The Ogoni ethnic nationality has called on the Federal Government to declare every 10 November as a public holiday in honour of their executed hero, Ken Saro-Wiwa, and eight others.
The President, Ogoni Youth Federation, Legbrosi Yamabana, who spoke in Port Harcourt, Rivers State in commemoration of the killing of Saro-Wiwa and eight others, said they were not in support of the proposal by President Muhammadu Buhari to grant pardon to their slain heroes.
According to The Nation, Yamabama said activists who were unjustly treated and died while undertaking a similar course like Saro-Wiwa had been granted posthumous honours by the Federal Government.
He said: “We are still seeking justice 26 years after. Justice has not been done to our slain hero, Ken Saro-Wiwa, and eight others also known as the ‘Ogoni Nine’.
“We need a posthumous recognition to be bestowed on Ken Saro-Wiwa. We need his name and those of his colleagues to be exonerated. We want every November 10 to be declared a public holiday in Nigeria. We believe what is good for the goose is also good for the gander.
“Is it because we are of the minority that they are treating us like this? Just recently, some Ogoni leaders visited the President. To our surprise, Mr President was talking about a pardon. We rejected it in its entirety.
“That is not the yearning of the Ogonis or Niger Delta. A pardon is given to a criminal. Ken Saro-Wiwa is a hero. He committed no crime to be given a pardon. Instead, he should be exonerated.
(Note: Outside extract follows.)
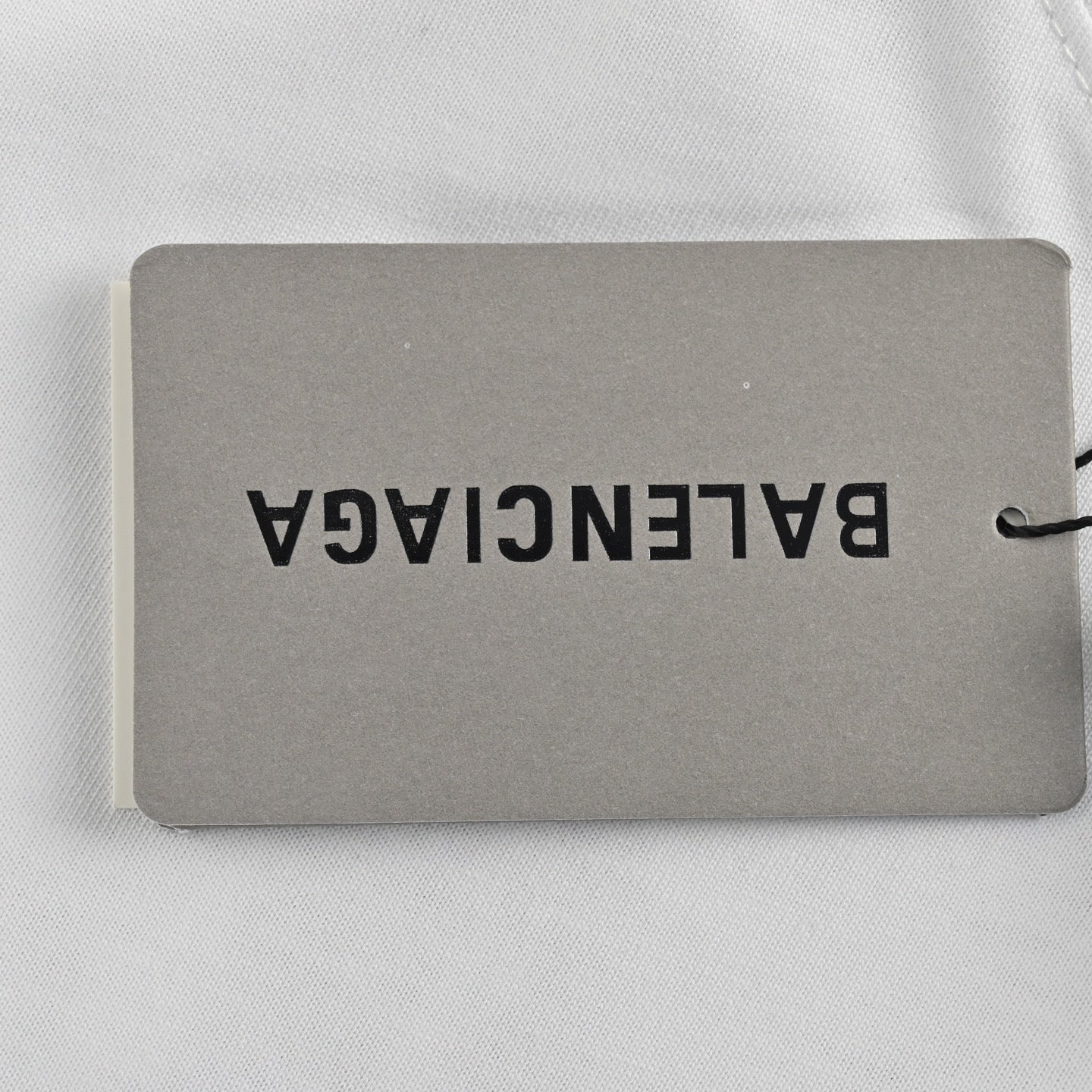 Maglia Balenciaga - STORM OFFICIAL STORE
The Nigerian state will not know true peace until this is done”.
Similarly, the Pan Niger Delta Forum (PANDEF) on Wednesday called for the exoneration of Saro-Wiwa and eight other Ogoni leaders killed by the Abacha regime in 1995.
The forum’s national chairman, Senator Emmanuel Ibok Essien, in a statement, said: “PANDEF strongly supports the calls for their exoneration and not pardon.”
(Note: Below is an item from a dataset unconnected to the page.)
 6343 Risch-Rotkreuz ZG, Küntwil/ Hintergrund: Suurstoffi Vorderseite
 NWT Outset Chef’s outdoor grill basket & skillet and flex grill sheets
They urged President Buhari to jettison his consideration of granting pardon to the Ogoni icons.
PANDEF said, “There is no better time for the president to make that pronouncement than now, on the 26th memorial of the sadistic killing of the innocent men.
“It must be accentuated that Ken Saro-Wiwa and the eight others did not commit any crime against the Nigerian state.
“They were patriots; heroes, who, through peaceful and non-violent processes, highlighted the injustices and wrongs perpetrated against the region in tandem with the demands of the Ogoni people.
“Like several other innocent Niger Deltans, who have been killed by state actors, all they wanted was improved and better living conditions for their people – a safe, peaceful, and developed Niger Delta.
“Exonerating Ken Saro-Wiwa and the eight others at this time will help lessen the agonising memories of the sad events in the hearts of their families, the Ogoni people and the entire Niger Delta people as well as lovers of truth, justice and peace across the world.
“It will also soothe emanating concerns of citizens, given the current disturbing mood of the country and elicit international empathy and goodwill.”
A hero’s fight against environmental degradation
Initially as spokesperson, and then as president, of the Movement for the Survival of the Ogoni People (MOSOP), Saro-Wiwa led a nonviolent campaign against environmental degradation of the land and waters of Ogoniland by the operations of the multinational petroleum industry, especially the Royal Dutch Shell company.
Saro-Wiwa was also known as a critic of the Nigerian government for its allegedly reluctant behaviour to enforce environmental regulations on the foreign petroleum companies operating in the area.
At the peak of his non-violent campaign, he was tried by a special military tribunal for allegedly masterminding the gruesome murder of Ogoni chiefs at a pro-government meeting, and hanged in 1995 by the military dictatorship of General Sani Abacha.
The activist’s execution provoked international outrage and resulted in Nigeria’s suspension from the Commonwealth of Nations for over three years.